**Work instruction:** Reproduce exactly the line that contains "استودیو خانوادگی, Luxar Room" and every line after it through the end of the records below, leaving out all pictures.

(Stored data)
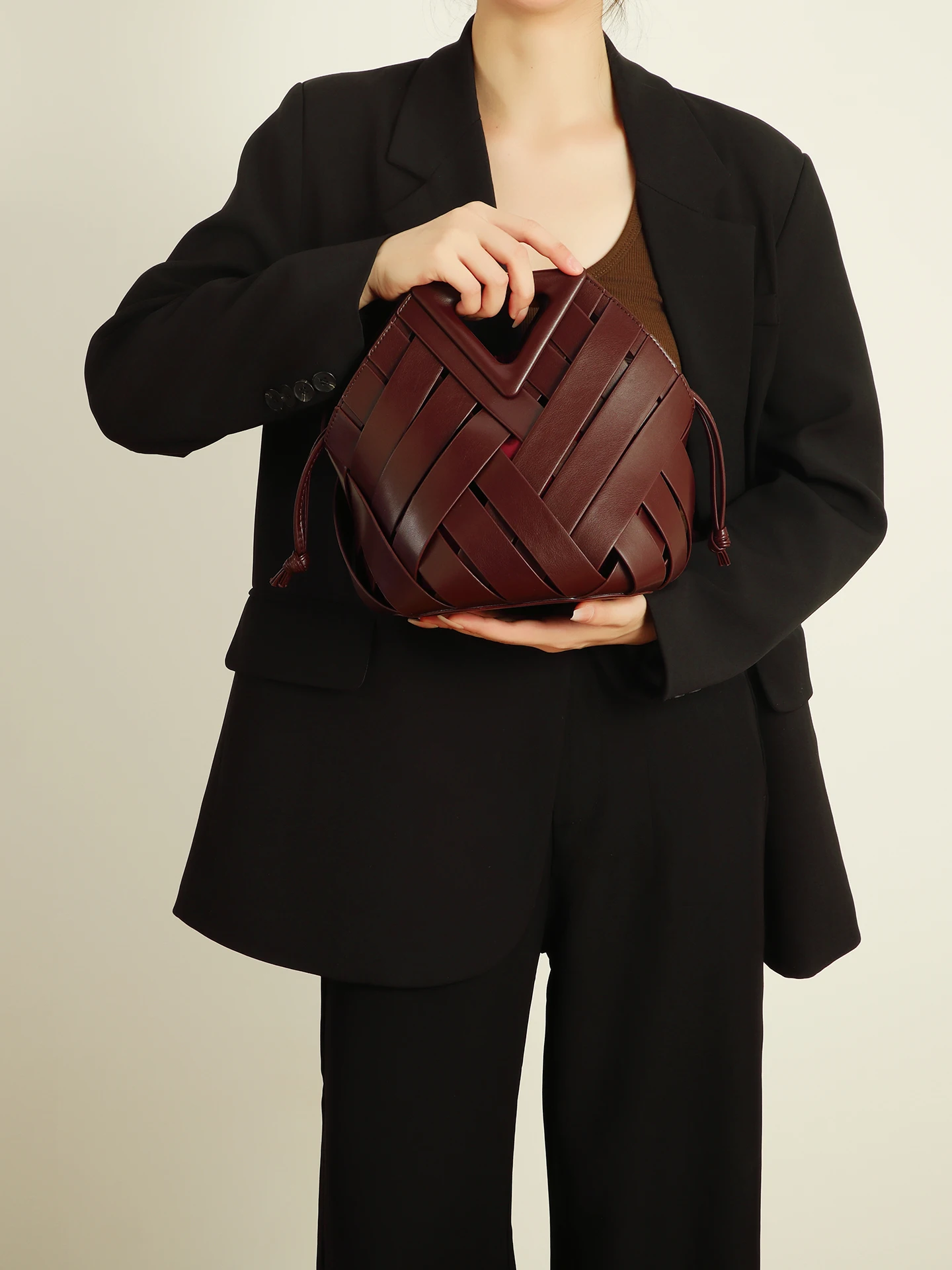 

Red Woven Basket Handbag Women's Crossbody Bag Faionable Design Casual Simple Sle Soft PU Material Vertical Square ape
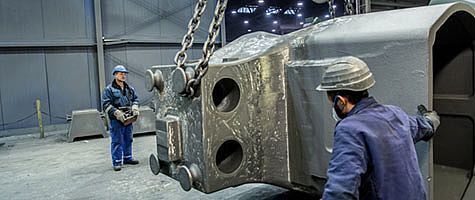 Mitarbeiter der Siempelkamp Giesserei bei Arbeiten an einer Sandform für ein großformatiges Gussteil der Pressentechnologie.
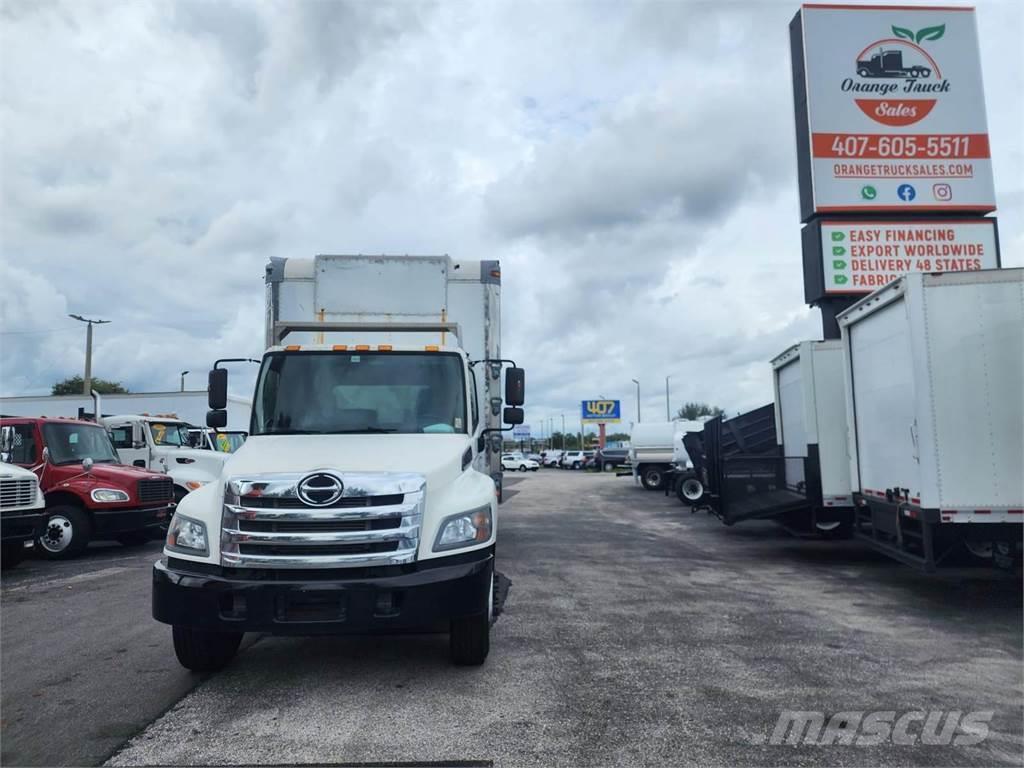 Hino 338 Camiones con caja de remolque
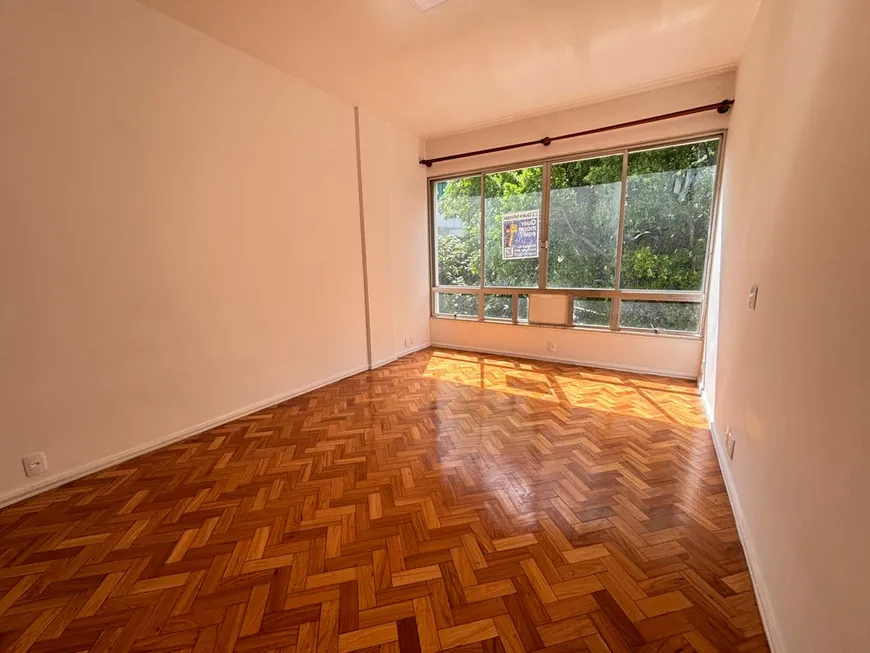 Foto 1 de Apartamento com 2 Quartos para alugar, 113m² em Leblon, Rio de Janeiro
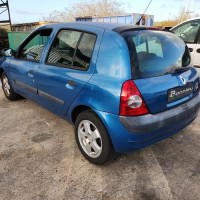 Vehicule-RENAULT-CLIO%25202%2520PHASE%25202-2003-b552630ffe110b1a3301ef682080a92528c815d1df588714780e42bc0b89192f_m.jpg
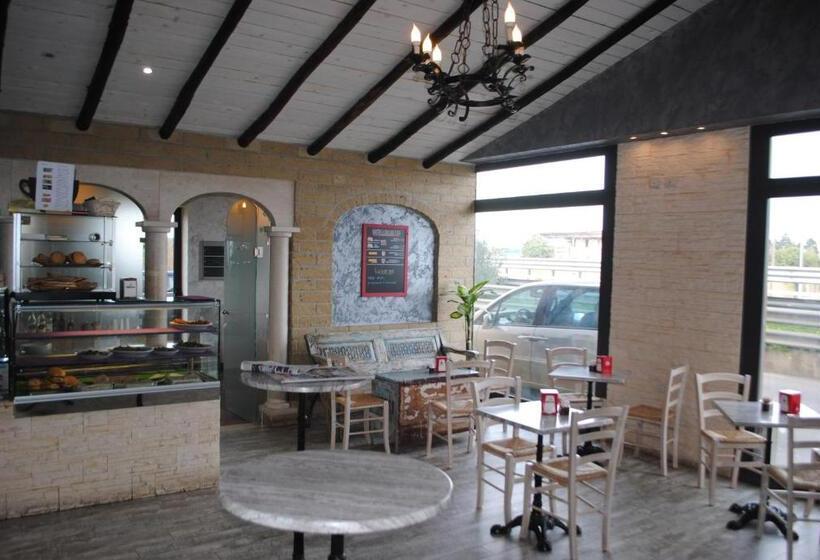 استودیو خانوادگی, Luxar Room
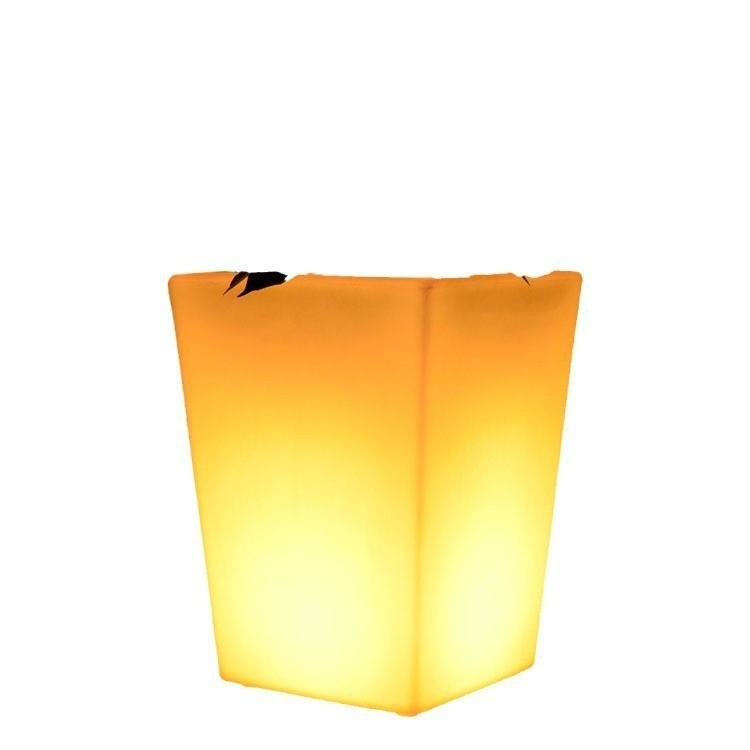 Fábrica directa LED iluminante creativo cuadrado contenedor de maceta rotomoldado RGB color completo moda iluminante decoración maceta de flores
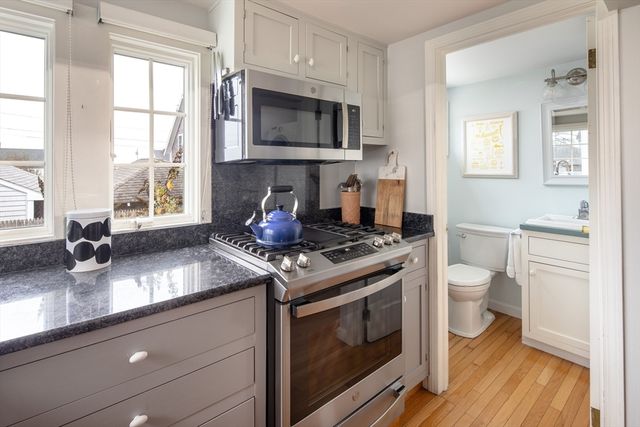 7 Mattakiset Rd, Mattapoisett, MA 02739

**Exercise answer:**
 استودیو خانوادگی, Luxar Room
 Fábrica directa LED iluminante creativo cuadrado contenedor de maceta rotomoldado RGB color completo moda iluminante decoración maceta de flores
 7 Mattakiset Rd, Mattapoisett, MA 02739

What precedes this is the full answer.